MediaAlpha, Inc. (NYSE: MAX), today announced that its Board of Directors has approved a share repurchase program that authorizes the Company to purchase up to $5.0 million of the Company’s Class A common stock from time to time in open market transactions at prevailing prices or by other means in accordance with federal securities laws. The repurchases are expected to be made over the second and third quarters of 2022.
Commenting on the stock repurchase program, Patrick Thompson, MediaAlpha’s Chief Financial Officer, said, “This repurchase program reflects both our confidence in the ongoing strength of MediaAlpha’s business and cash flow, and our view that this an attractive time to buy our stock.
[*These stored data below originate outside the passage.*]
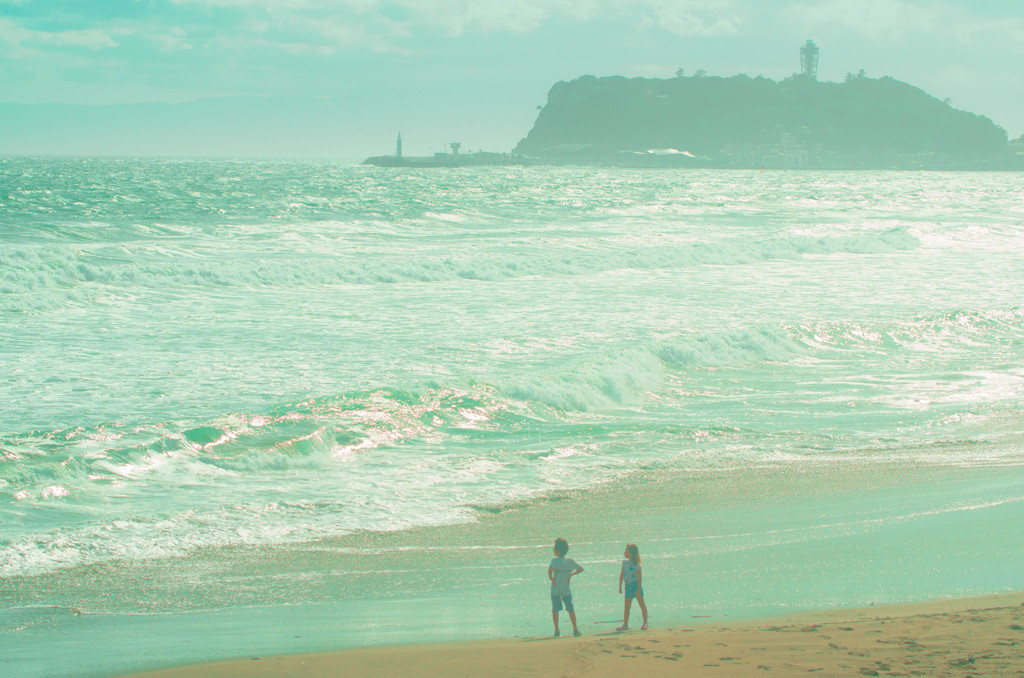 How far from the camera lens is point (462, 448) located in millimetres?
12609

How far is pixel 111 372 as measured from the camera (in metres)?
15.6

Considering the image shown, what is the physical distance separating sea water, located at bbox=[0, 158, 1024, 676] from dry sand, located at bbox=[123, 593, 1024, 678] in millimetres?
439

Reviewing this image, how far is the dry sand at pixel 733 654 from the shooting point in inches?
222

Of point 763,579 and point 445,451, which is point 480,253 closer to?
point 445,451

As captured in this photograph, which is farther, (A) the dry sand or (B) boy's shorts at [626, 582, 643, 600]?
(B) boy's shorts at [626, 582, 643, 600]

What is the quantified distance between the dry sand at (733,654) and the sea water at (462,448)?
439mm

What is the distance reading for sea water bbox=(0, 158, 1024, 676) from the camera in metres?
7.74

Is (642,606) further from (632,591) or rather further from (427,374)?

Going forward, we believe that our strong cash flow generation will allow us to continue to invest in organic growth and value-accretive M&A opportunities while opportunistically repurchasing shares.”
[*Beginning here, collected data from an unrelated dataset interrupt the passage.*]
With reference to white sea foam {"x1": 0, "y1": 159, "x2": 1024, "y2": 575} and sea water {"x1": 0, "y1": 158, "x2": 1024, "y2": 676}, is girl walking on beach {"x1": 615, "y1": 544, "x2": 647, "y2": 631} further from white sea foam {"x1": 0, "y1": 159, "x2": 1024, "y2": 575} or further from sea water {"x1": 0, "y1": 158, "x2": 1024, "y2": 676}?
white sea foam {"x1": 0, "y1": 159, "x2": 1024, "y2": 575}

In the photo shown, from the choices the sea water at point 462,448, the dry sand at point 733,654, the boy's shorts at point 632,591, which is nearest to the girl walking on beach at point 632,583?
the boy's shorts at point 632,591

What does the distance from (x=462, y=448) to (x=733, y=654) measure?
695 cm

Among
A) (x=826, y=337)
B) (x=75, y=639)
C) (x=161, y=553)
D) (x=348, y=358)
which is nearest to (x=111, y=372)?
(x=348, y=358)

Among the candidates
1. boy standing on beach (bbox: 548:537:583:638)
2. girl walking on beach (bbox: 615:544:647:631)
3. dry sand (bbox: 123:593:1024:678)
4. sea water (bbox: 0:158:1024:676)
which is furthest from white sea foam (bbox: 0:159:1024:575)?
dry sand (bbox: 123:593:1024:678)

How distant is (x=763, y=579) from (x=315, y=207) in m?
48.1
The timing and amount of any share repurchases will be determined by the Company’s management based on their ongoing evaluation of market conditions, the Company’s capital needs, debt covenants and other factors. Repurchases may also be made pursuant to preset trading plans meeting the requirements of Rule 10b5-1 and Rule 10b-18 under the Securities Exchange Act of 1934, which would permit shares to be repurchased during periods the Company might otherwise be precluded from doing so under insider trading laws.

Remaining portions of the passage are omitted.